I don’t need any type of prestige bike just something about 2000.00 and needs no work, is it possible? and what? (in 1974 I had a Honda XL 350 and loved it 1200.00 new)

I have done mountain passes on a motorcycle. 15 months ago I took my 750cc Shadow through Fancy Gap in VA on a trip up north (fully loaded with touring equipment and camping gear). Most bikes can handle it just fine. Going downhill usually doesn’t require downshifting since the bikes don’t weight that much.

The only thing I worry about is whether or not a 450cc bike can make it up long steep hills at highway speeds. I suppose if you aren’t carrying a lot of gear, and if it is capable of doing highway speeds, and if you don’t mount a big windshield on it, it should be fine. Personally, I would consider stepping up a 550 or 650cc bike, but I weigh 240 lbs. I also mount a full-sized windshield and lower air deflectors for long trips and winter riding, which adds more wind resistance.

Since we are talking about a used bike, make sure you take it for a test ride at highway speeds to see if a bike that small is tolerable at highway speeds. With only a 450cc engine and a single cylinder, you might not like how it vibrates at highway speeds.

Its a real windy road with a speed limit of 35mph, other uses who just be local run arounds. I have always been a fan of big single cyl engines.

This is true-Kevin

I needed a 14-speed transmission on most of my trips through Gates Pass.

I liked downshifting a lot when I was a child with a new driver’s license. Now I would rather enjoy the challenge of good driving most of the time. I try to remind myself that I like driving and must keep that license. If I have a beer, I can barely walk, so I don’t drink and drive. Your friend will tire of roughing up the car after a few years, but for now, have fun.

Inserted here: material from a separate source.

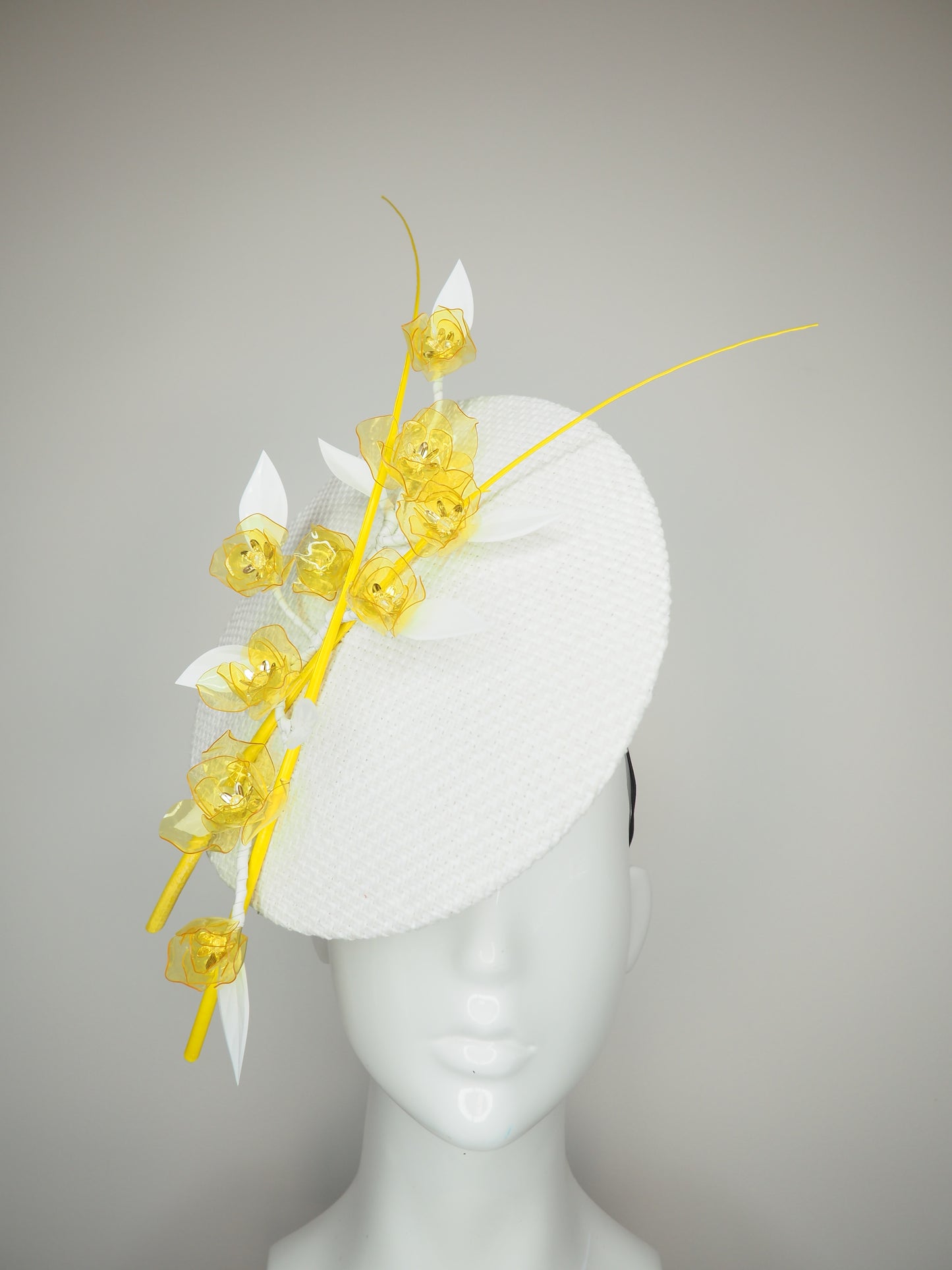 Snow buttercup - White raffia disc with golden yellow crystoform buttercups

Man this is so true,I have absolutely no desire to be on the road-under the influence of anything.I have to drive a lot(tickles me when someone else can drive-especially the wife-she doesnt nag herself alot).Some people are exceptional drivers,some are not.The law of averages has a way of catching up.-Kevin

For what you are talking about, a 250 cc bike would be plenty and probably ideal. Off road, the weight of a big bike often hurts you more than its horsepower helps you.
When I was in high school, a 450 was considered a big motorcycle and if you rode a 650, you walked with the gods.
Motorcycle displacement is like deer rifle calibers, just because someone invented a .300 Weatherby Magnum, everybody thinks they need one to kill those whitetails that used to drop dead when shot with a .30-30.

This is great you know about Gates Pass, this is from where I draw my bicycle vrs car opinions.

I always wondered if you could cross the double yellow lines to give a bike room,well I found out. A local cop ended up behind me on they way up the hill and when a safe place to pull over the double yellows came I took it and passed the cyclist and the Sheriff did not pull me over so I guess its OK.

And I have seen what a 30.30 does to 150lb Whitetails,knockes them down right now (provided you place you shot right).